--- Task directions ---
An exact copy is required of every line from the one with "Toddler wearing white" through the end of the data below, and the pictures must stay out of it.

Stored items
------------------------------------------------

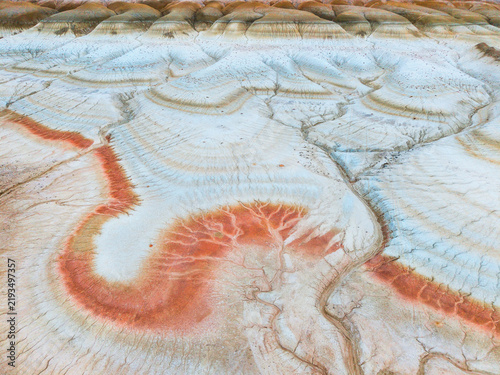 Aerial view of the colorful eroded rock formations and striated clay landscape of the Ustyurt Plateau in Mangistau, Mangystau Region, Kazakhstan.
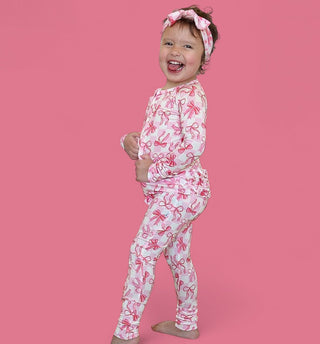 Toddler wearing white romper with pink bow print, long sleeves, and ruffled legs, paired with matching pink bow headband.
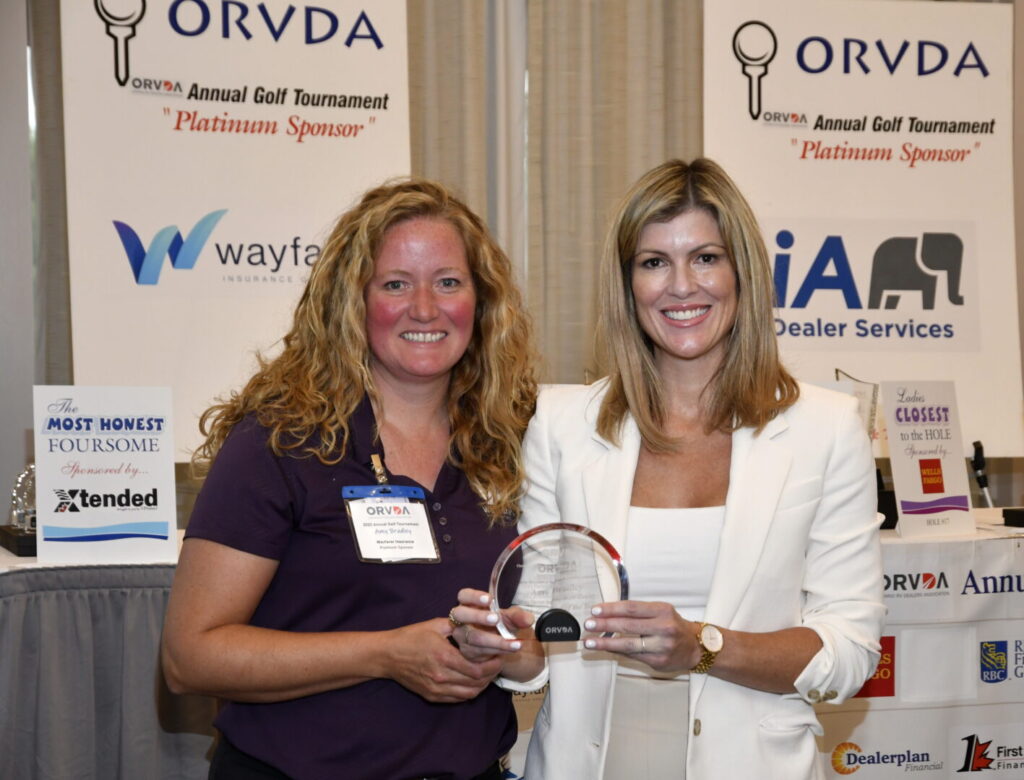 ORVDA's Natalie Conway, right, presents the Associate Member of the Year Award to Amy Bradley of Wayfarer Insurance.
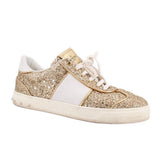 Low-top glitter sneakers with white laces, gold sparkle panels and white sole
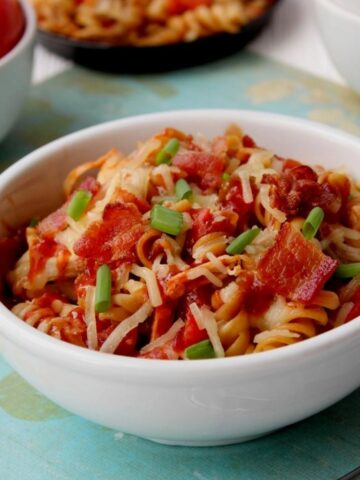 bowl of chicken, pasta, cheese and bacon.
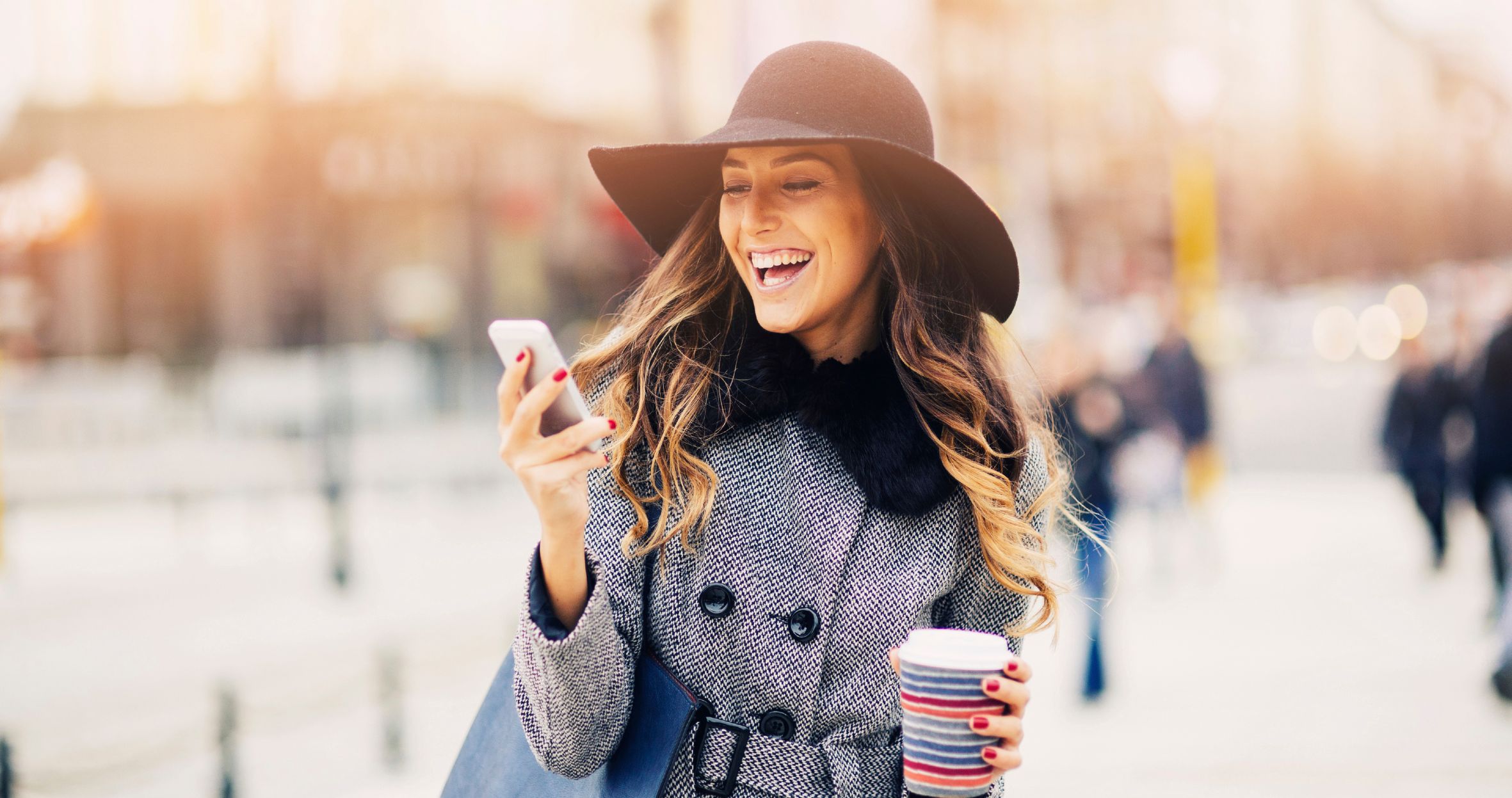 A woman smiles outdoors while looking at her phone and holding a cup of coffee.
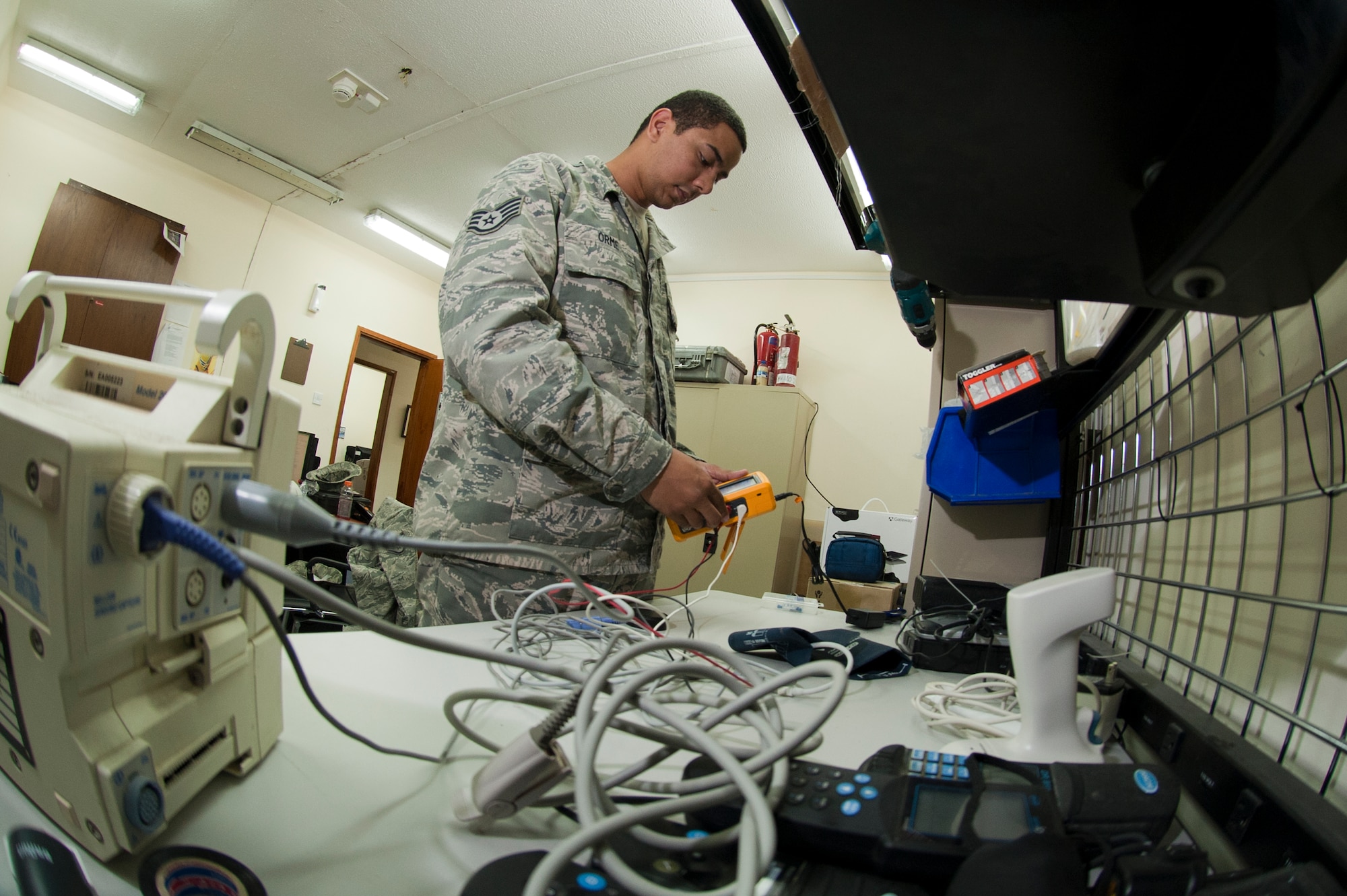 U.S. Air Force Staff Sgt. Anthony Orme, 380th Expeditionary Medical Group biomedical maintenance equipment technician, calibrates a heart monitor at an undisclosed location in Southwest Asia Sept. 25, 2013. Orme is native to Weirton, W.Va., and is deployed from Tyndall Air Force Base, Fla. (U.S. Air Force photo by Staff Sgt. Joshua J. Garcia)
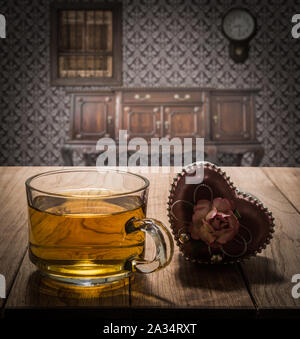 Tea time con cuore dono sul tavolo di legno in interni vintage Foto Stock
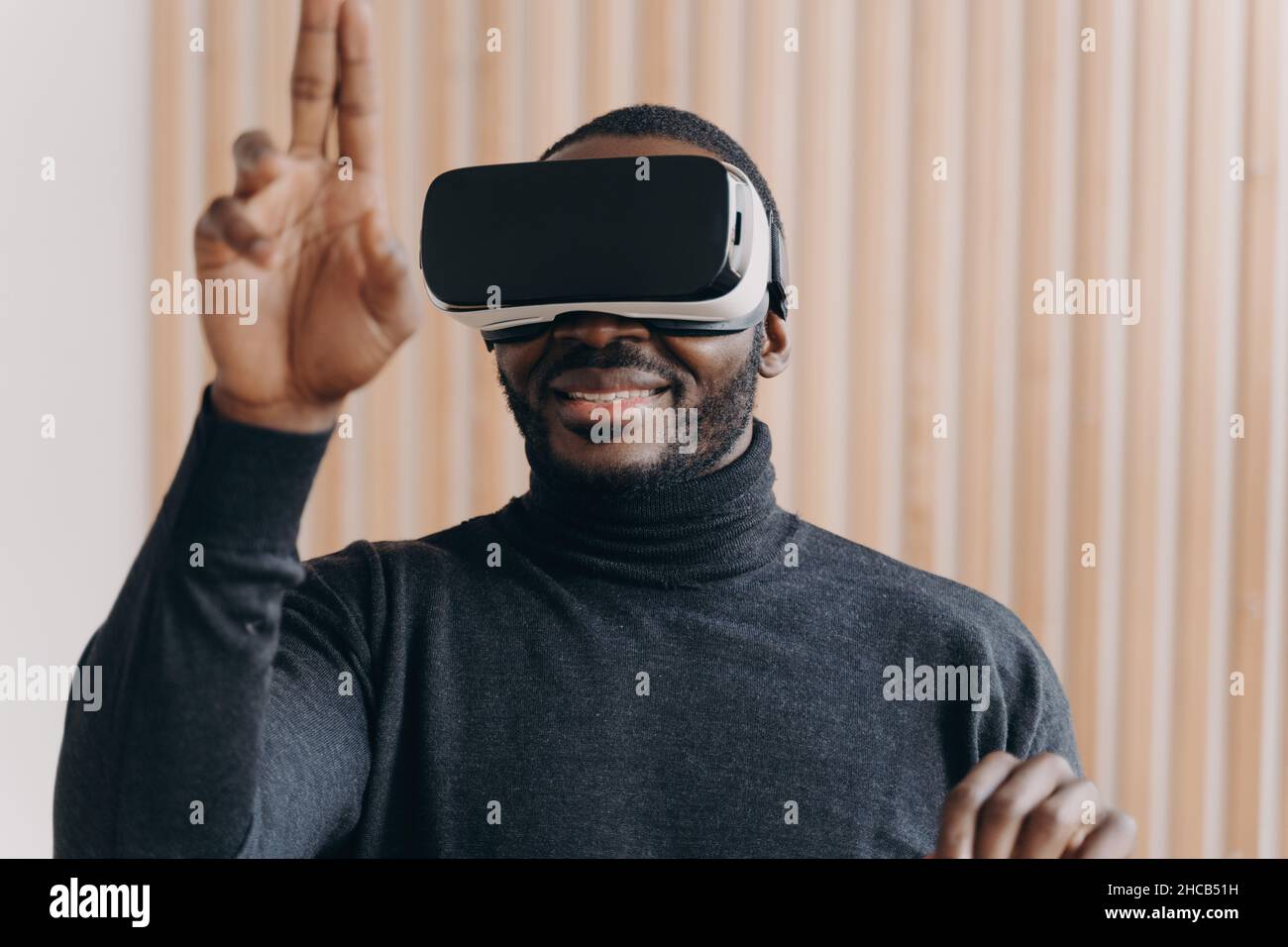 Excited African American man in VR headset glasses enjoying augmented ...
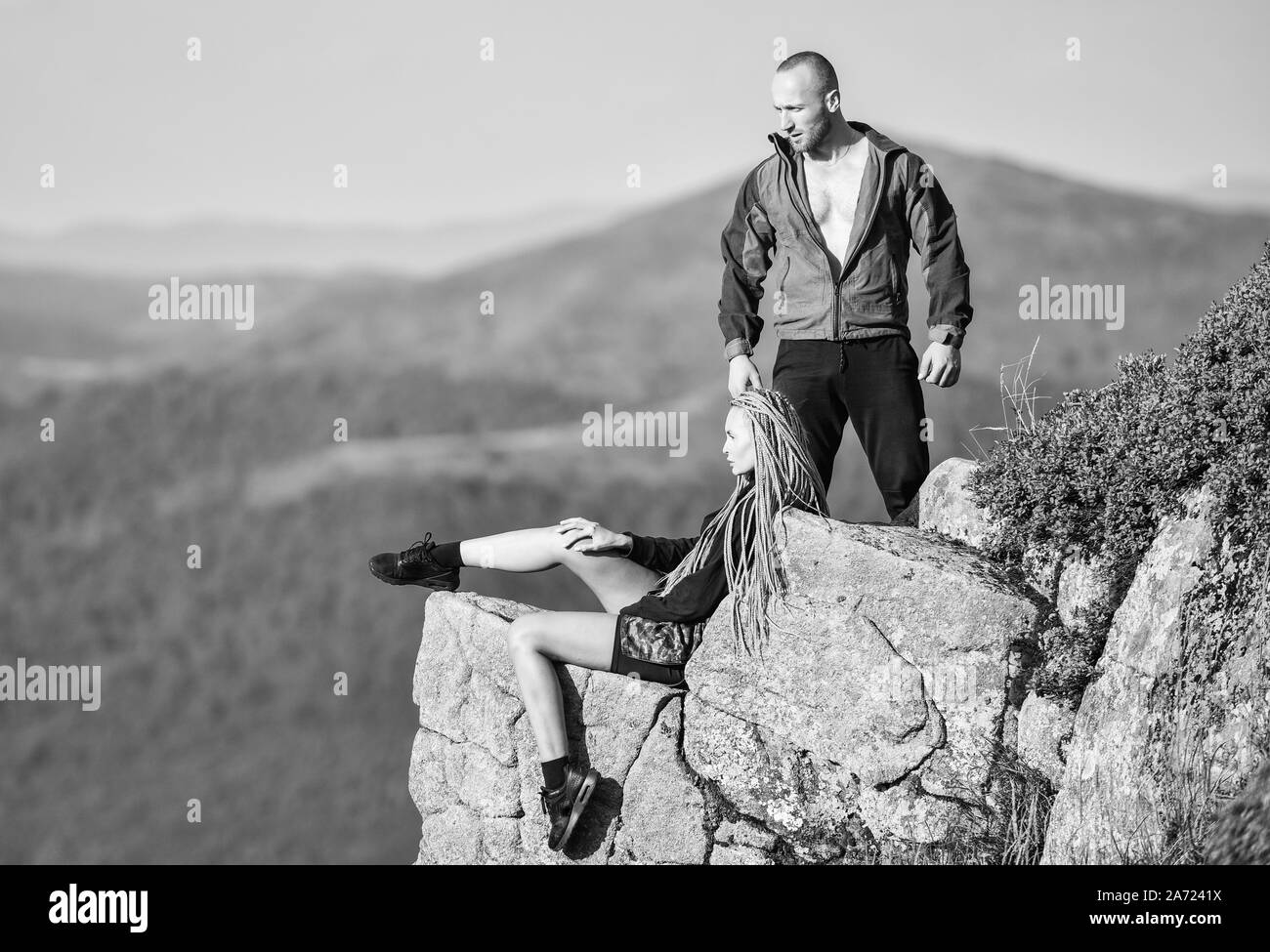 On Edge Of World Woman Sit Edge Of Cliff High Mountains Landscape Background Couple Hikers Enjoy View Hiking Peaceful Moment Tourist Hiker Girl And Man Relaxing Hiking Benefits Hiking Weekend Stock Photo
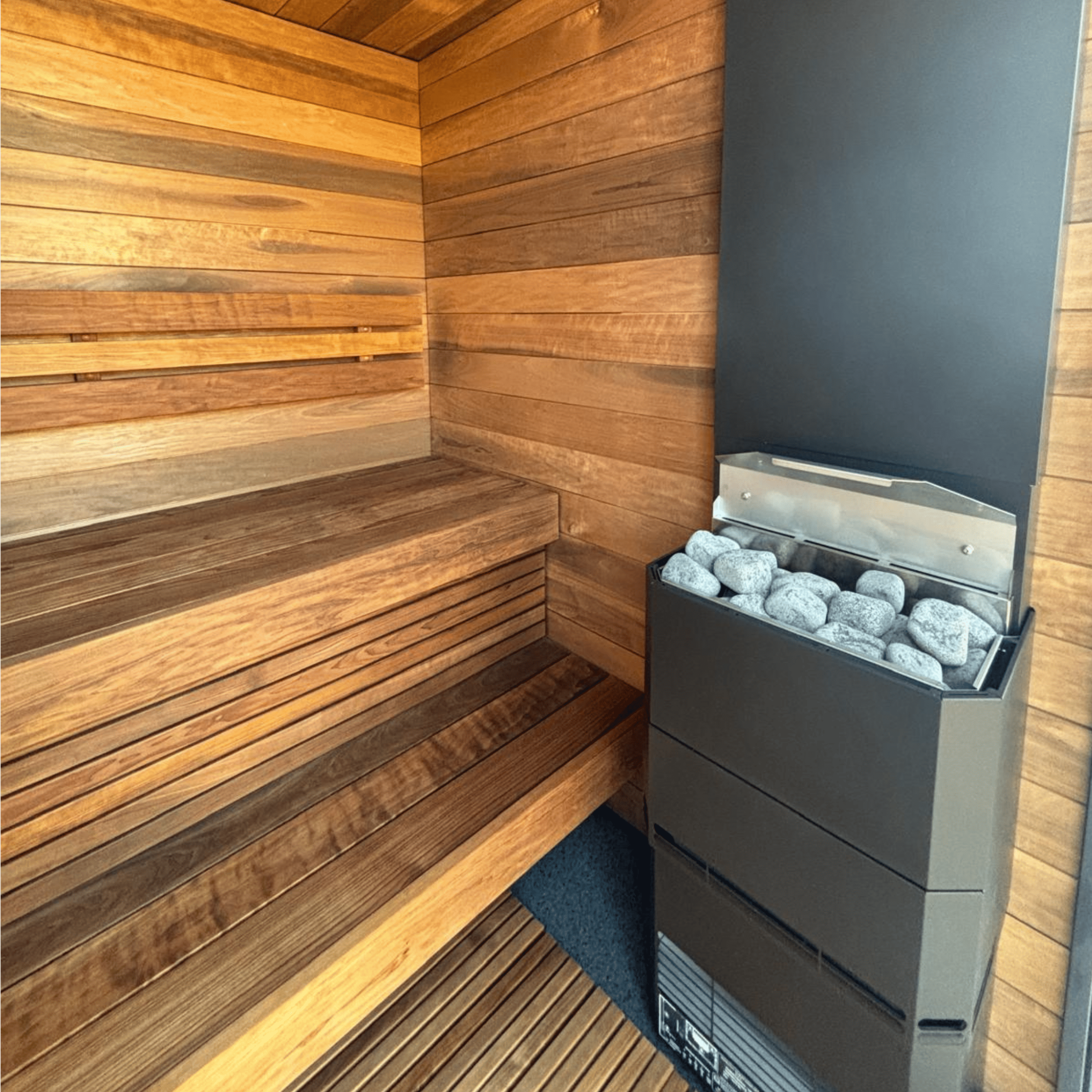 Sauna interior with wooden walls and a black sauna heater.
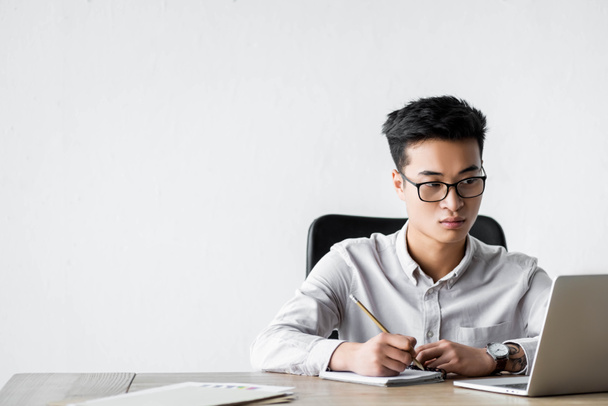 asiatischer SEO-Manager hält Bleistift in der Hand und schaut während des Webinars auf Laptop  - Foto, Bild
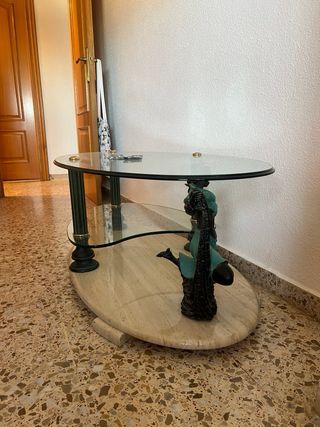 Mesita de cristal ovalada con base de piedra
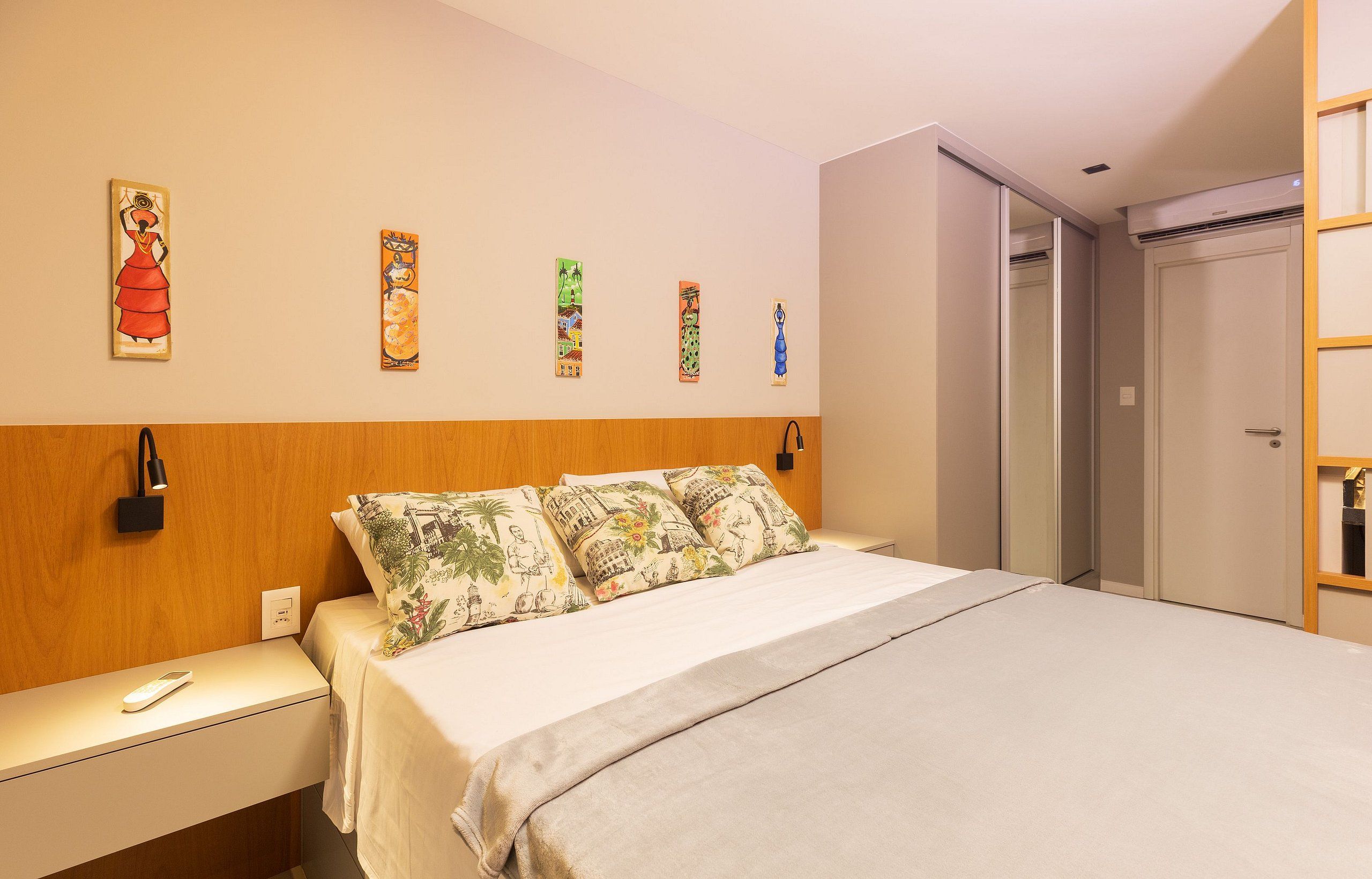 A hotel room with a bed, a nightstand, a wall-mounted lamp, and a wardrobe.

------------------------------------------------

--- Task response ---
 Toddler wearing white romper with pink bow print, long sleeves, and ruffled legs, paired with matching pink bow headband.
 ORVDA's Natalie Conway, right, presents the Associate Member of the Year Award to Amy Bradley of Wayfarer Insurance.
 Low-top glitter sneakers with white laces, gold sparkle panels and white sole
 bowl of chicken, pasta, cheese and bacon.
 A woman smiles outdoors while looking at her phone and holding a cup of coffee.
 U.S. Air Force Staff Sgt. Anthony Orme, 380th Expeditionary Medical Group biomedical maintenance equipment technician, calibrates a heart monitor at an undisclosed location in Southwest Asia Sept. 25, 2013. Orme is native to Weirton, W.Va., and is deployed from Tyndall Air Force Base, Fla. (U.S. Air Force photo by Staff Sgt. Joshua J. Garcia)
 Tea time con cuore dono sul tavolo di legno in interni vintage Foto Stock
 Excited African American man in VR headset glasses enjoying augmented ...
 On Edge Of World Woman Sit Edge Of Cliff High Mountains Landscape Background Couple Hikers Enjoy View Hiking Peaceful Moment Tourist Hiker Girl And Man Relaxing Hiking Benefits Hiking Weekend Stock Photo
 Sauna interior with wooden walls and a black sauna heater.
 asiatischer SEO-Manager hält Bleistift in der Hand und schaut während des Webinars auf Laptop  - Foto, Bild
 Mesita de cristal ovalada con base de piedra
 A hotel room with a bed, a nightstand, a wall-mounted lamp, and a wardrobe.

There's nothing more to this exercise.